My friends and Blueprint colleagues Darren and Chris saw White God in Cannes back in 2014 and their description of it and positive review on our podcast put it high up my ‘want to watch’ list. It’s taken a little while to finally come out, but Metrodome picked it up in the UK and it’s just made its way to DVD. I grabbed myself a copy to see if it was worth the wait.

White God sees twelve year old Lili (Zsófia Psotta) go to stay with her estranged father while her mother goes away to a conference overseas. Due to the circumstances and being on the verge of becoming a teenager, she isn’t happy about her dad’s fairly strict rules.

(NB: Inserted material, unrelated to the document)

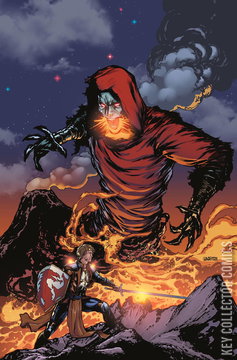 Variant Cover for The Wheel of Time: The Great Hunt #6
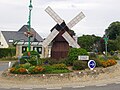 Windmühle von Ytrac in Monterblanc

The worst of these however, concern her mixed breed dog Hagen. Her dad doesn’t want a dog in his apartment, particularly a mutt like Hagen, so after some heated arguments and an incident at Lili’s orchestra practise he sets the dog free in the backstreets of the city.

So far, so straight forward. However, from this point in the film we split our focus between Lili’s coming of age story and the dog’s own adventure. This is where the film really becomes something special. Hagen struggles to look after himself on the streets, but befriends a feisty terrier (maybe – I’m no good with dog breeds and they’re all mixed anyway) who takes him to join a group of the many strays roaming the city. He manages to evade capture from the pound, but ends up getting picked up by a vagrant and gets passed on to a man who trains fighting dogs. This man sees something in Hagen’s eyes and brutally toughens him up, thinking the dog will be a great success on the cricuit.